Gründe für Antisemitismus

Früher habe ich nie verstanden, warum manche Leute antisemitisch eingestellt sind, wo doch Juden bekanntlich so viel für die Menschheit geleistet haben, von der Relativitätstheorie bis zur Anti-Baby-Pille. Wenn ich nach den Gründen gefragt habe, habe ich keine befriedigenden Antworten erhalten. Das mag daran liegen, dass manche Leute zwar solche Einstellungen haben, es aber nicht offen zugeben würden.

Inzwischen verfüge ich aber schon über so viel Wissen, dass ich mir auf manche Dinge einen Reim machen kann.

Grundsätzlich glaube ich, dass es in der Natur religiöser Menschen liegt, Anhängern anderer Religionen misstrauisch gegenüber zu stehen. Das wird ursprünglich sicher eine Rolle gespielt haben. Es galt früher das Prinzip "cuius regio, eius religio" - die Untertanen mussten also die Religion des Feudalherren annehmen. Nur die Juden taten es nicht.
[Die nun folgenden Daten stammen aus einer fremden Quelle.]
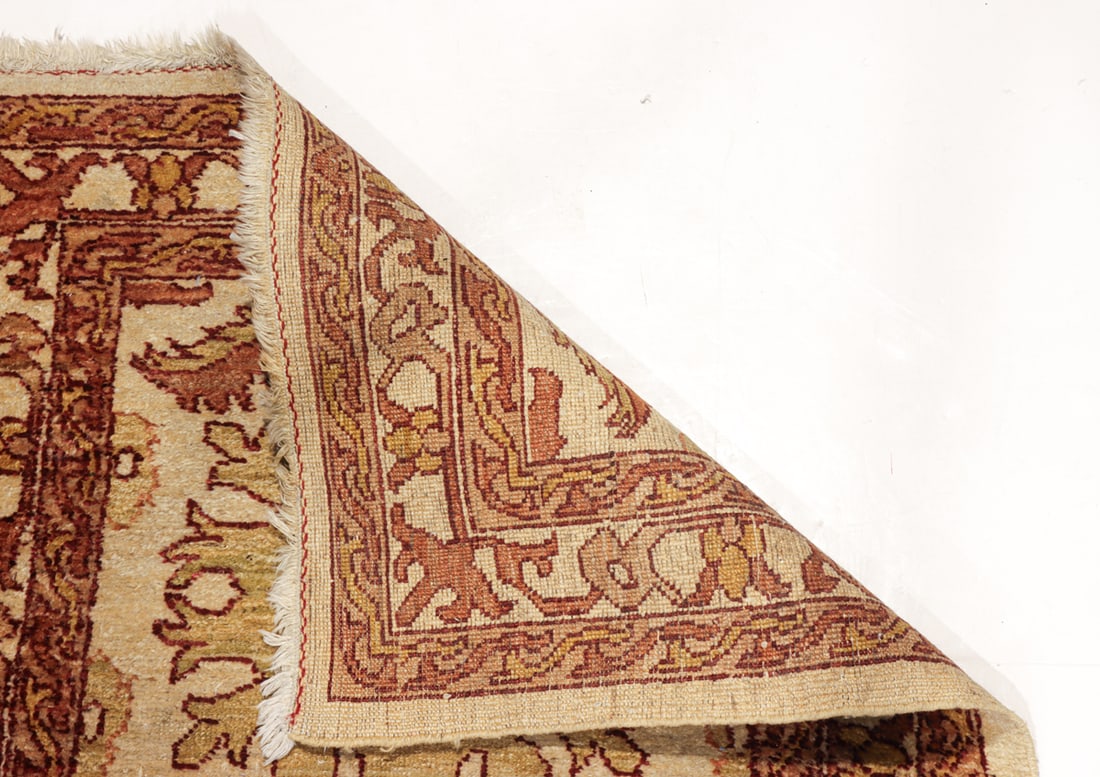 A contemporary Pakistani runner - 4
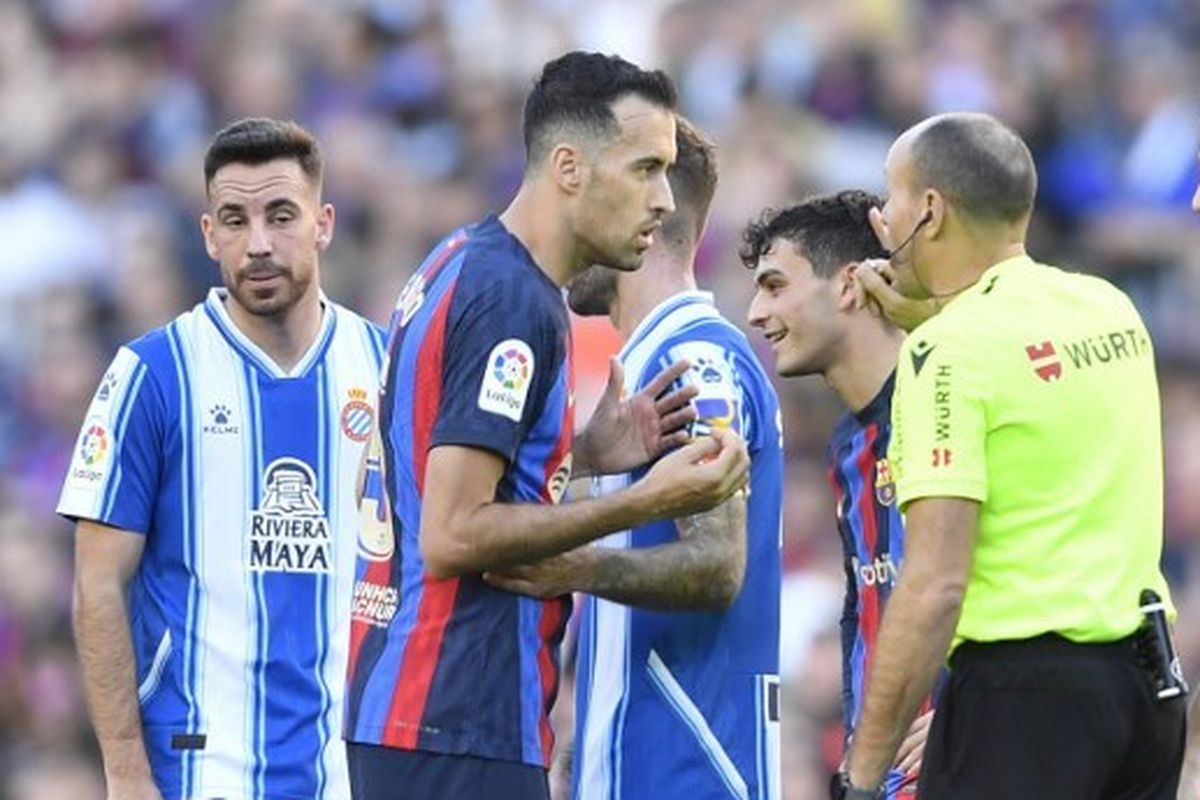 Pertandingan pekan ke-15 Liga Spanyol 2022-2023 antara Barcelona vs Espanyol di Stadion Camp Nou, Sabtu (31/12/2022) malam WIB. Terkini, Espanyol akan kembali berjuang melawan klub papan atas Liga Spanyol, Real Madrid. Laga Real Madrid vs Espanyol dijadwalkan berlangsung di Stadion Santiago Bernabeu, pada Sabtu (11/3/2023) malam WIB.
Es wurde versucht, sie zum Übertritt zu bewegen, indem ihnen der Zugang zu allen möglichen Berufen verwehrt wurde. Doch dann kam man darauf, dass die Juden sogar nützlich sein könnten: denn Christen war es verboten, Zinsen einzutreiben. Somit konnten sich Juden als Geldverleiher nützlich machen.

Durch diese Beschränkung auf den Beruf des Geldverleihers, der eher intellektueller Natur war und vermutlich eine für damalige Verhältnisse überdurchschnittliche Intelligenz erforderte, begab es sich, dass nur solche Juden ihr Dasein fristen konnten, die über einen entsprechend hohen Intelligenzgrad verfügten. So kam es innerhalb der jüdischen Population zu einem Selektionsdruck, der dazu führte, dass bald die meisten der überlebenden Juden im Vergleich zu vielen ihrer christlichen Mitbürger relativ intelligent waren.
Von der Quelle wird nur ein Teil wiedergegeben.